Rahul Dravid's painstaking century at Mohali was a classic of its kind. Compiled run by painstaking run under immense pressure, he took 328 balls to amass a score of 136 and ground the England bowlers into the Punjab dust in the process. For a day and a half 'The Wall' was back to his obdurate best.
Dravid's innings was a classic of its kind from a batsman who is one of the few remaining exponents of that most endangered of the batting arts: stonewalling. There are only four such men left in world cricket and all of them are over thirty. Along with Dravid, there is the admirable Shivnarine Chanderpaul and two South Africans currently blunting the edge of the Aussie attack: Neil McKenzie and Jaques Kallis. A quartet of immovable objects.
Stonewallers have tended to have certain attributes in common. Though they may have the ability to play shots all around the wicket, they choose to build their game on a rock of immaculate defence. Their defensive techniques are usually orthodox (though Chanderpaul's shuffling, square-on style is a notable exception) ant they are always watertight. And along with defensive expertise comes a determination to sell their wicket dearly, immense powers of concentration and an appetite for crease-occupation.

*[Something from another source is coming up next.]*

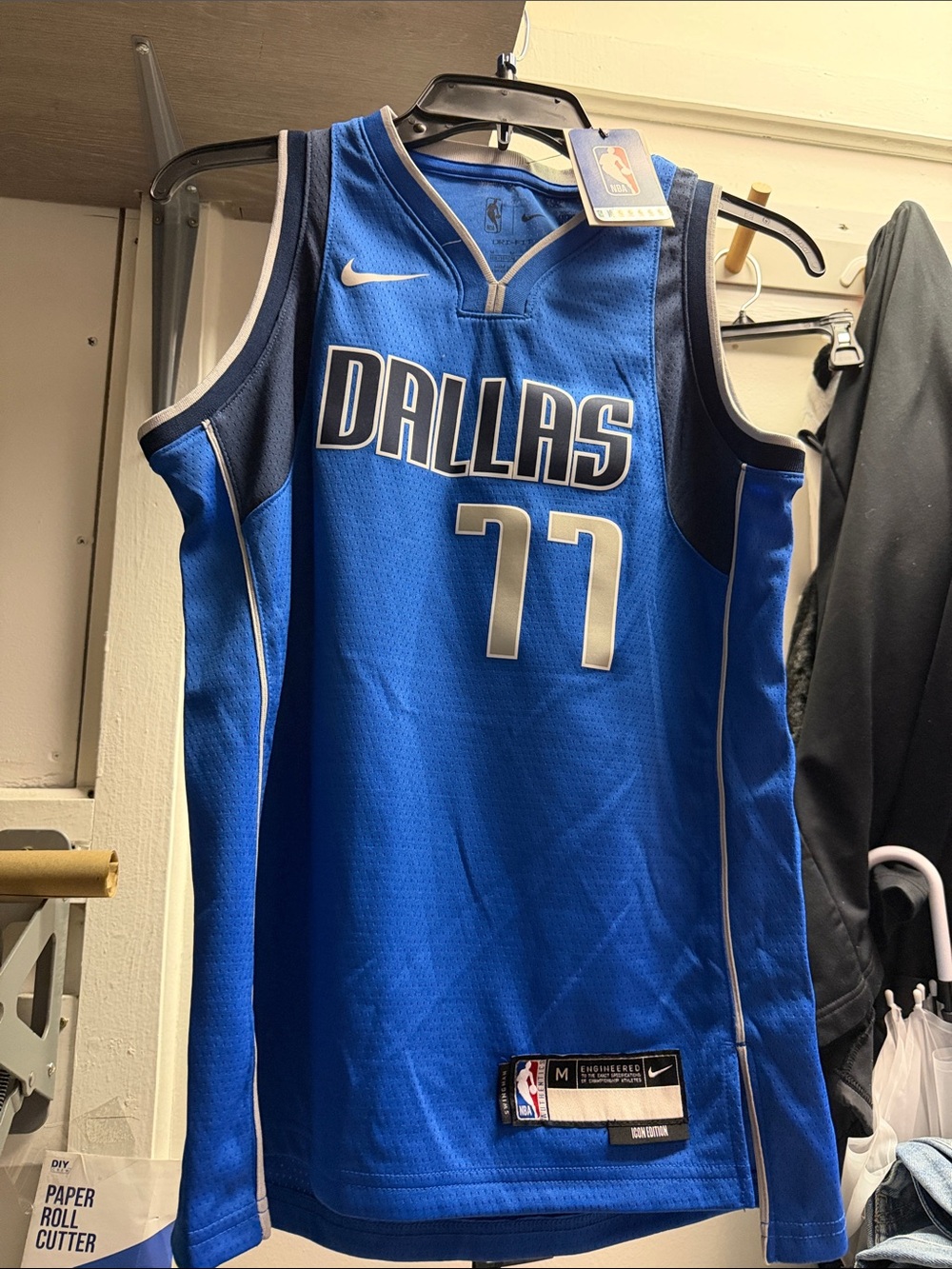 Nike Dallas Mavericks Royal/ Navy Luka 77 Jersey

Stonewalling goes right back to the beginning of the game. Information on balls faced was not routinely recorded until thirty or forty years ago so before that, we have to rely on anecdotal evidence. An early example of the type was the left-handed English opener William Scotton who once carried his bat throughout an entire innings for a score of 9. The legendary Australian batsman of the twenties and thirties, Bill Woodfull, earned himself the nickname, 'The Rock' for his unbreachable defence, based on a minimal backlift and phenomenally powerful wrists.
More recently, there was Trevor Bailey, nicknamed, 'Barnacle' who once took 458 minutes to score 68 in Brisbane in 1958. The New Zealander Mark Richardson, who reinvented himself as a dogged opening batsman finished his career with an astonishing average of 194 balls faced per Test match.
Marvan Atapattu is an interesting case and his experience suggests that stonewallers are born, not made. His first six innings in Test cricket yielded just one run. This horror start to his career threw him back on his inner resources and he began to bat far more defensively (and successfully). Geoffrey Boycott is regarded as the patron saint of stonewallers but because he had such technical mastery, it was often said that his refusal to play an expansive game was selfish, or that he was deliberately playing within himself (a charge sometimes levelled at Jaques Kallis). But that misses the point. Boycott and Kallis are perfectionists. They are only prepared to play the right shot to the right ball and their batting reflects their personality.
The same is true of the man regarded as the stonewaller's stonewaller, Chris Tavare. A nervous character, his batting was the definition of caution. In his second Test, he batted for an hour and a half and scored 42. In his third, his scores of 69 and 78 took over 12 hours. In Madras in 1982, he batted all day for 35 and later that same year, ground the Aussies into the dust at Perth, taking 8 hours to score 89.
But much as this style of batting may appear to be out of sync with modern cricket, it would be a shame if the art of the stonewaller were lost. In the age of Twenty20, the value of a stodgy innings is not always perceived, but a player who can occupy the crease can be vital, giving stroke-makers more freedom to play and battling to save lost causes whilst others lose their heads. Mike Atherton's century in Johannesburg in 1995 was a masterly display of defensive technique and resolution. A game that can regard a well-fought five day draw as a good result should also never lose its appreciation for the defensive arts.